As is clear from the lengthy passage quoted above, Blair seeks to bring scorn on his critics by reducing their complex and varied positions to a kind of Kissinger-esque realism. This move, however, is not completed until near the end of the speech, even although it is set up at the very beginning. And it is forcefully completed by his choice of soundbite for the piece:

This is not a clash between civilisations. It is a clash about civilisation. It is the age-old battle between progress and reaction, between those who embrace and see opportunity in the modern world and those who reject its existence; between optimism and hope on the one hand; and pessimism and fear on the other.

Blair at this point really lays on heavily the language of values - even, as he, I'm sure, is fully aware, the much-maligned vocabulary of the old colonial adventures (with, of course, a twist on Huntingdon's formula to bring it up to date). However, from what was said at the beginning, it seems clear that not just the Islamic radicals and terrorists, but also many if not most of Blair's critics, fall firmly on the side of the forces of darkness. The world-view of "benign inactivity" is here cast as pessimistic, reactionary, without hope. They too are on the wrong side in Blair's "battle for values and progress", which must be won.

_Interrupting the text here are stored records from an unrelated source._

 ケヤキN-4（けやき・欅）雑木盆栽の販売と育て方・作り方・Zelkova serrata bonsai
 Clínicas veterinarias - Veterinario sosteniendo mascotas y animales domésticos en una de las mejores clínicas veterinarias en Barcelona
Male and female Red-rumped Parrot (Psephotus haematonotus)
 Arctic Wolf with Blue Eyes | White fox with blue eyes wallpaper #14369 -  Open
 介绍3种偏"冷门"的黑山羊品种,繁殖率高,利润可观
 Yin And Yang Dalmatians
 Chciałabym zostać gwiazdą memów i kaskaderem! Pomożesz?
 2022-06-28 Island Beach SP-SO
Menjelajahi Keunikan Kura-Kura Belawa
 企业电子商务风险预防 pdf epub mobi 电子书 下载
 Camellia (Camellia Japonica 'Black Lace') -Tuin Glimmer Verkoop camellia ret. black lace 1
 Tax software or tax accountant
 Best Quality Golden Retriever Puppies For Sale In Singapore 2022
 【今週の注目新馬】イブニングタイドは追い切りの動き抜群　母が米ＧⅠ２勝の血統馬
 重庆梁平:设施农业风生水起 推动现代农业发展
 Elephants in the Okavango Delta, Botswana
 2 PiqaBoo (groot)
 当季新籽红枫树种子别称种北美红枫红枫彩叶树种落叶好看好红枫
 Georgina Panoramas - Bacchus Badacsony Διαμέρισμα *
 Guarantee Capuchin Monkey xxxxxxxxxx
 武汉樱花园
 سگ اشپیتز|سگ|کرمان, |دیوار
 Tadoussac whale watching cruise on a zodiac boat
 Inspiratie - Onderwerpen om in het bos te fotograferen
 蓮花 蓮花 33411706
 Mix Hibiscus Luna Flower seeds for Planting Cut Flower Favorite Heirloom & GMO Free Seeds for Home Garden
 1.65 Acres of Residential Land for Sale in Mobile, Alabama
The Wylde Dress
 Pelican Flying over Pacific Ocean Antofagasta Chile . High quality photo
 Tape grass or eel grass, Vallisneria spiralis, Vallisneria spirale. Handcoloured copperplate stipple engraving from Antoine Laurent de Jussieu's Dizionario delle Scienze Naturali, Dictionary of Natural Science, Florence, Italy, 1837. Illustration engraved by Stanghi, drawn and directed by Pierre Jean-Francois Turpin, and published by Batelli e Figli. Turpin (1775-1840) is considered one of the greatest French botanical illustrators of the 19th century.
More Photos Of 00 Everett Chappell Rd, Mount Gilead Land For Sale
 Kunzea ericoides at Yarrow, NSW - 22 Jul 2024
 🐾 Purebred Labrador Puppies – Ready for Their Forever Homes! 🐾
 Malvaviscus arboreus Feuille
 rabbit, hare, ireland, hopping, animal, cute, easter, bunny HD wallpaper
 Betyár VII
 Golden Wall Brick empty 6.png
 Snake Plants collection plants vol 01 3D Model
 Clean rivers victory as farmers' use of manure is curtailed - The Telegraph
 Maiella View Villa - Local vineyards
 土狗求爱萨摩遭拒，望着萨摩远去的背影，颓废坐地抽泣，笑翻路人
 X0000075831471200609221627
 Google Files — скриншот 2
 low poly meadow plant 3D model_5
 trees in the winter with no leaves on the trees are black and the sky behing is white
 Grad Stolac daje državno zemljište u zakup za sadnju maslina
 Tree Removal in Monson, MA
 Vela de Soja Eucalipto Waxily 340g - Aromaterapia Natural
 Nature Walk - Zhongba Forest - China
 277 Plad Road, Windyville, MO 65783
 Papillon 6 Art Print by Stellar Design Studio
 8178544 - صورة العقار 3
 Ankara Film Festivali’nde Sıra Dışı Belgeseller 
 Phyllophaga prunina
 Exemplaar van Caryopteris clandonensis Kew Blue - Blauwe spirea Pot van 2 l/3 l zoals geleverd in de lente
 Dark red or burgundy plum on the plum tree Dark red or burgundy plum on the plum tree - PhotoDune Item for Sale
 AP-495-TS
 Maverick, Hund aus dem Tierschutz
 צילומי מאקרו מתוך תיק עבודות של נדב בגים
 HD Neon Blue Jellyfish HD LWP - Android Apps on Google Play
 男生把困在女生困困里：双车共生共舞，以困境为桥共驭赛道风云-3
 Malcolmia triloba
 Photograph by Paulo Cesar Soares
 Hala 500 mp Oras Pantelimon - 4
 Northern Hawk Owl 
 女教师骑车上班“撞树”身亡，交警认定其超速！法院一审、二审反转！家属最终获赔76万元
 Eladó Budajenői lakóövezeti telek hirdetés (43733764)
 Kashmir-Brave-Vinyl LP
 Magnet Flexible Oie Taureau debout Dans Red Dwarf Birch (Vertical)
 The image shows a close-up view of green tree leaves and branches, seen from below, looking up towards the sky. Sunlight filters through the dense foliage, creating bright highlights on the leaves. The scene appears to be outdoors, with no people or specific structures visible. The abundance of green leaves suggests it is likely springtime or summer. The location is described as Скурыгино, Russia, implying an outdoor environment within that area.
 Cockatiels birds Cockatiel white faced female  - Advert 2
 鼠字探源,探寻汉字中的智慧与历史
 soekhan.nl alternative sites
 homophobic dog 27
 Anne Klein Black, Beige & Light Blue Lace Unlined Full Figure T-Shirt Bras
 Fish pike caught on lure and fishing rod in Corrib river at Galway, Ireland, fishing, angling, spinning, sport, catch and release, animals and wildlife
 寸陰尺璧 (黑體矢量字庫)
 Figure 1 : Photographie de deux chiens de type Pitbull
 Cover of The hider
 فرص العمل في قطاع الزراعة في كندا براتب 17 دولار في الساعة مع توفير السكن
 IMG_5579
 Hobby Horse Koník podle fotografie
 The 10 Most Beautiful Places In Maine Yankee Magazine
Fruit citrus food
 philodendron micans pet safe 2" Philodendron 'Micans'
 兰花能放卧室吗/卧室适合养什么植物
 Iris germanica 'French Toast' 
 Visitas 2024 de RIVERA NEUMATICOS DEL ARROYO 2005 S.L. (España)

Like I said then, fairly classic Blair. The speech is thoughtful at points, almost always eloquently written and occasionally surprising; however, a little closer analysis removes much if not all of its apparent lustre. The usual reductions, generalisations and half-truths are present, and all are still seeking to serve the same justificatory function. The trouble, in terms of classic Blair, as Polly Toynbee noted in the
Guardian today, is that nobody's buying it any more.